GIVEN MATERIAL:
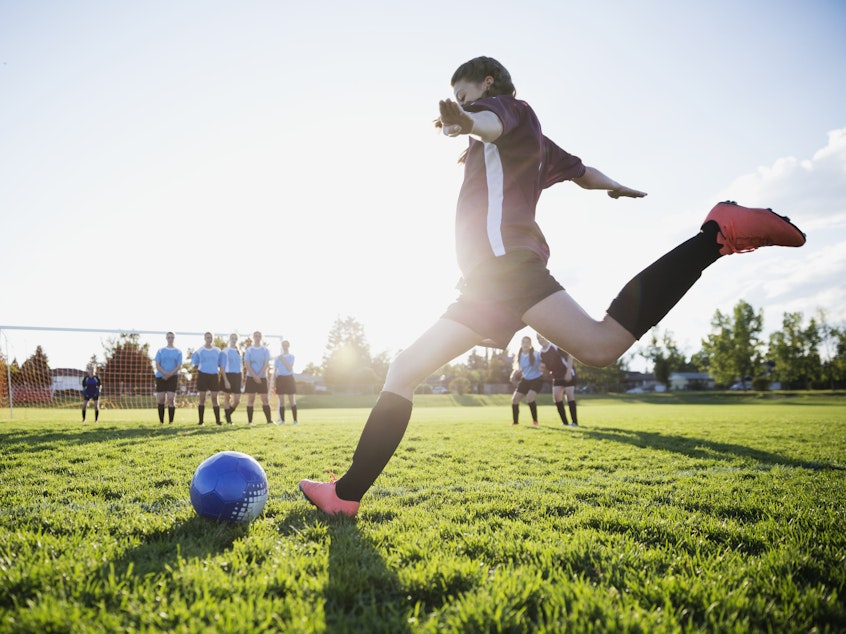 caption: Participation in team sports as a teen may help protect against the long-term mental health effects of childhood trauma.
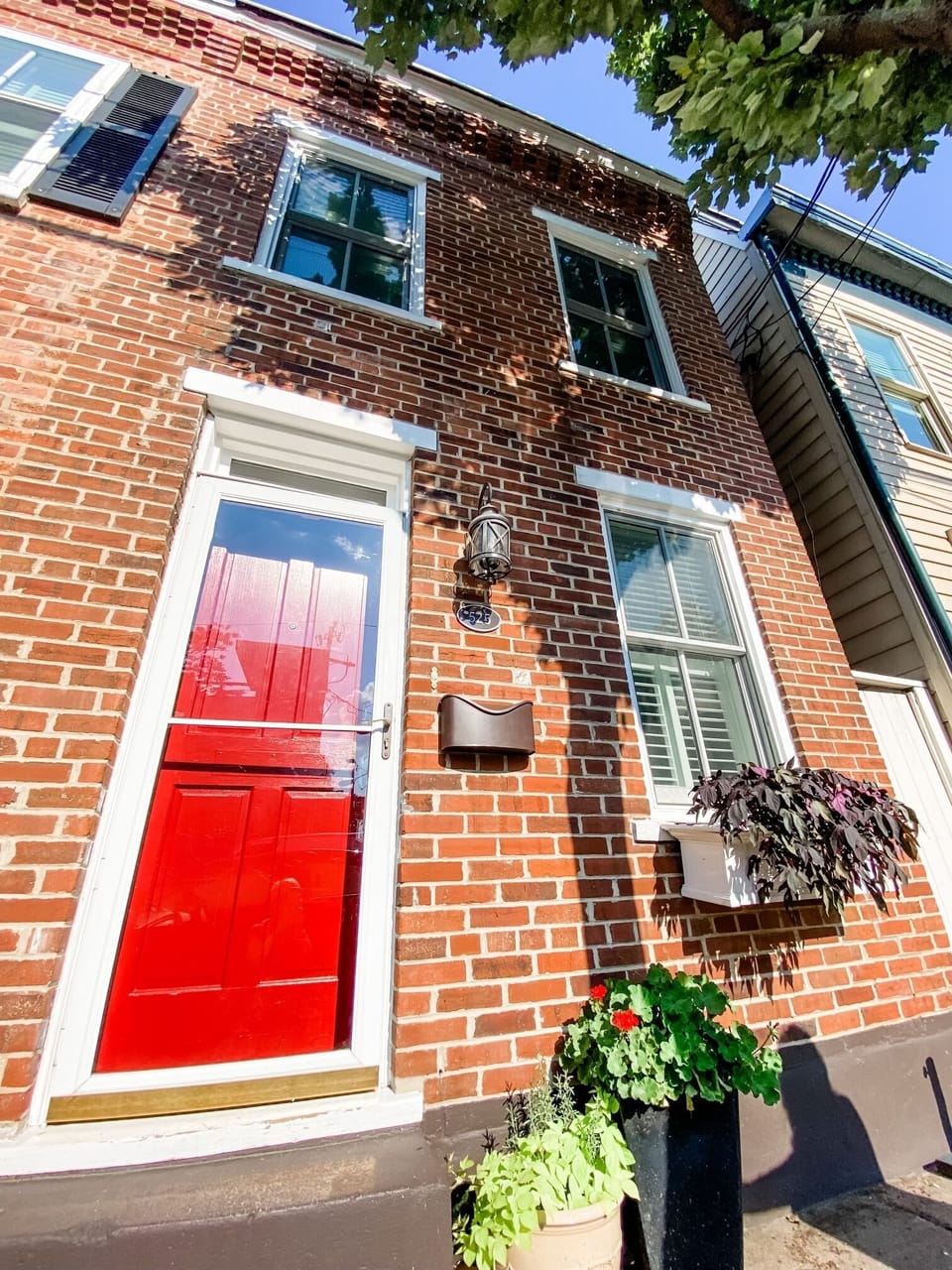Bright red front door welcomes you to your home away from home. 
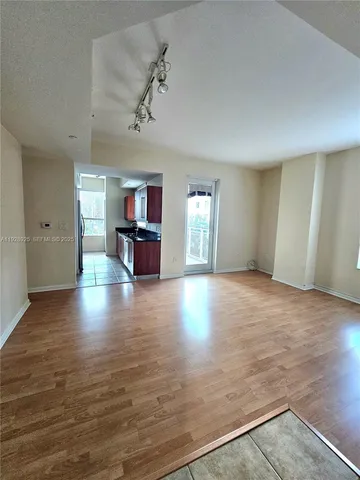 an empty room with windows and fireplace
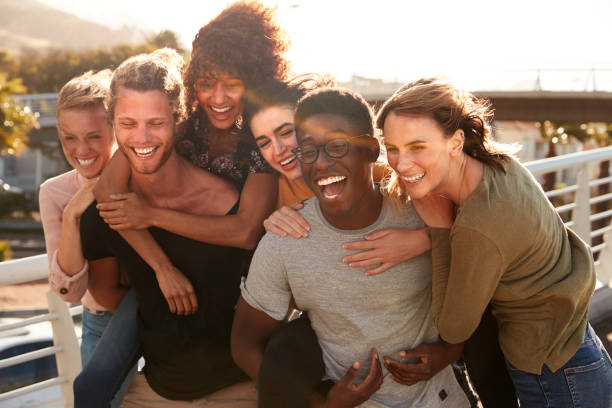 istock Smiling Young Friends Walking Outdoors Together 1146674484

WHAT TO PRODUCE:
The pictures are not wanted, but every line of the listing should be duplicated exactly.

SOLUTION TO THIS TASK:
 caption: Participation in team sports as a teen may help protect against the long-term mental health effects of childhood trauma.
Bright red front door welcomes you to your home away from home. 
 an empty room with windows and fireplace
 istock Smiling Young Friends Walking Outdoors Together 1146674484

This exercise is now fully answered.